### EXERCISE INSTRUCTIONS:
From the first line to the last, copy the data exactly and drop the pictures.

### GIVEN INFORMATION:
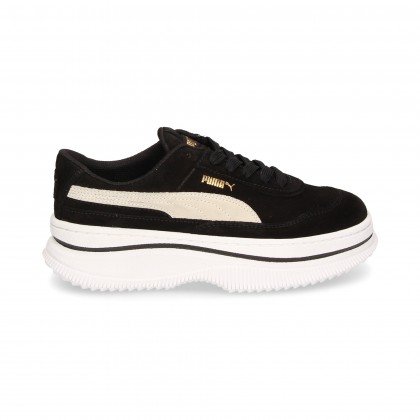 puma cruz negro blanco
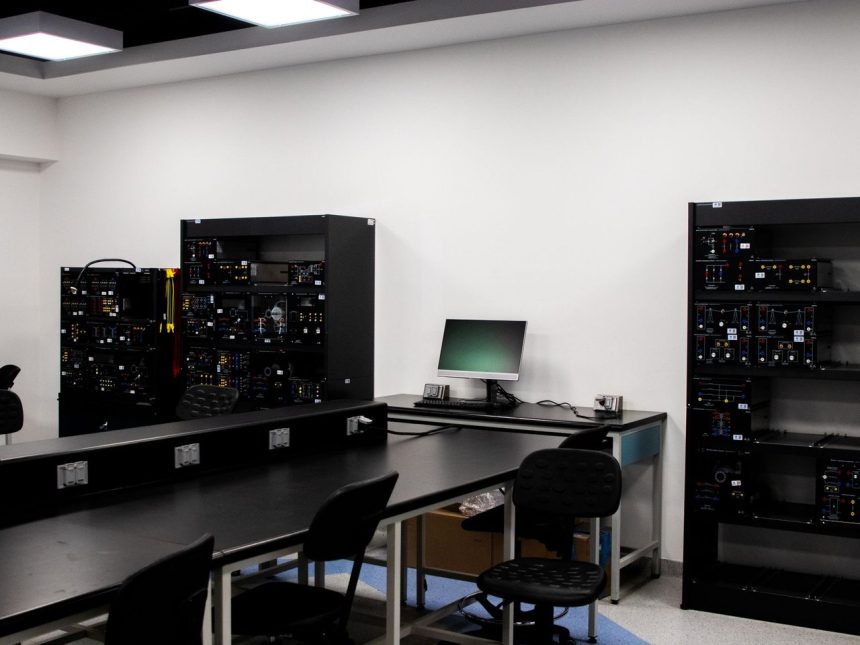 Laboratório contemporâneo de eletrônica com bancadas, computadores e equipamentos técnicos para pesquisa.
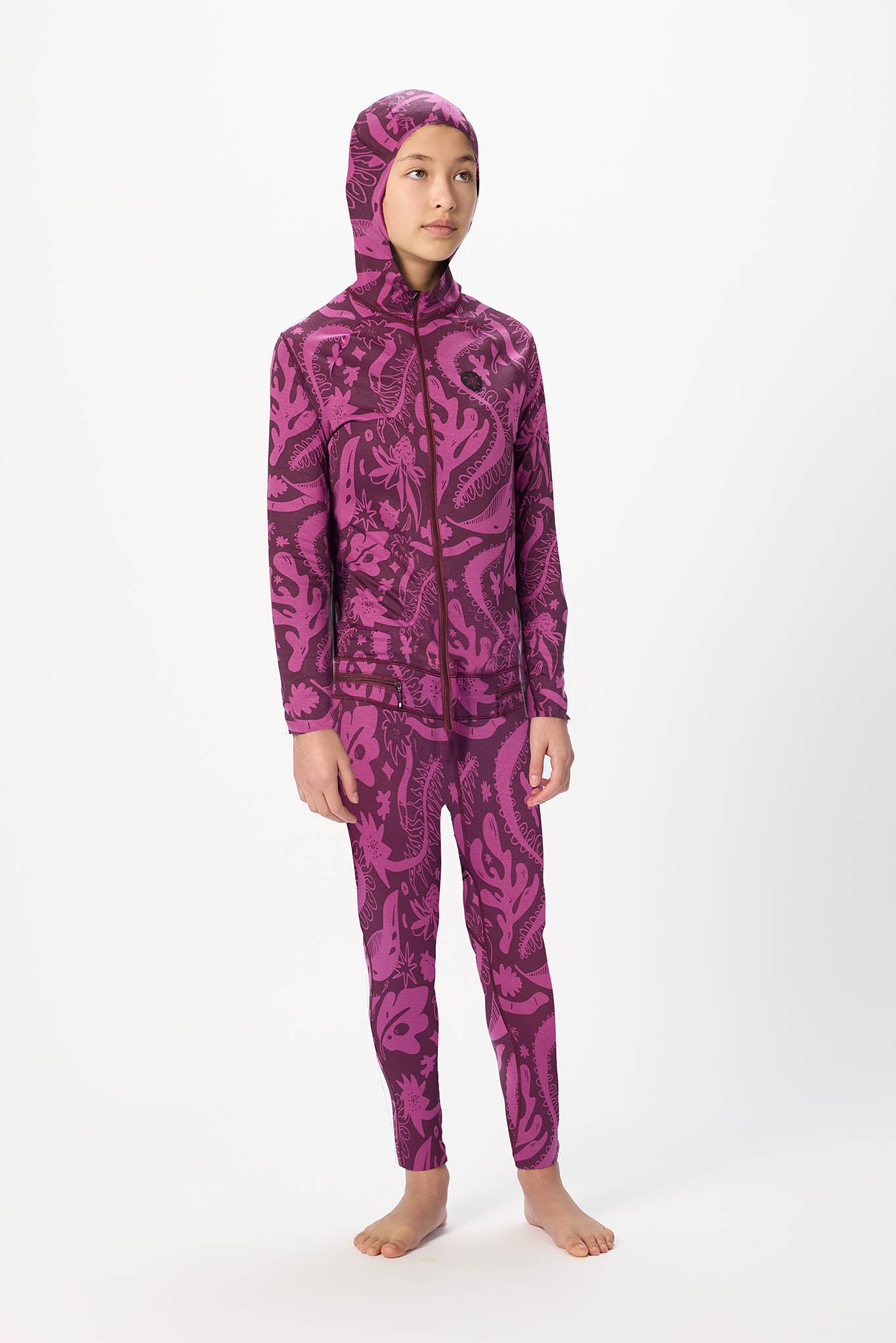 A child model wearing a matching two-piece tracksuit with a hooded jacket and pants, featuring a bold magenta and dark purple abstract pattern, set against a plain white studio background.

### RESPONSE AREA:
 puma cruz negro blanco
 Laboratório contemporâneo de eletrônica com bancadas, computadores e equipamentos técnicos para pesquisa.
 A child model wearing a matching two-piece tracksuit with a hooded jacket and pants, featuring a bold magenta and dark purple abstract pattern, set against a plain white studio background.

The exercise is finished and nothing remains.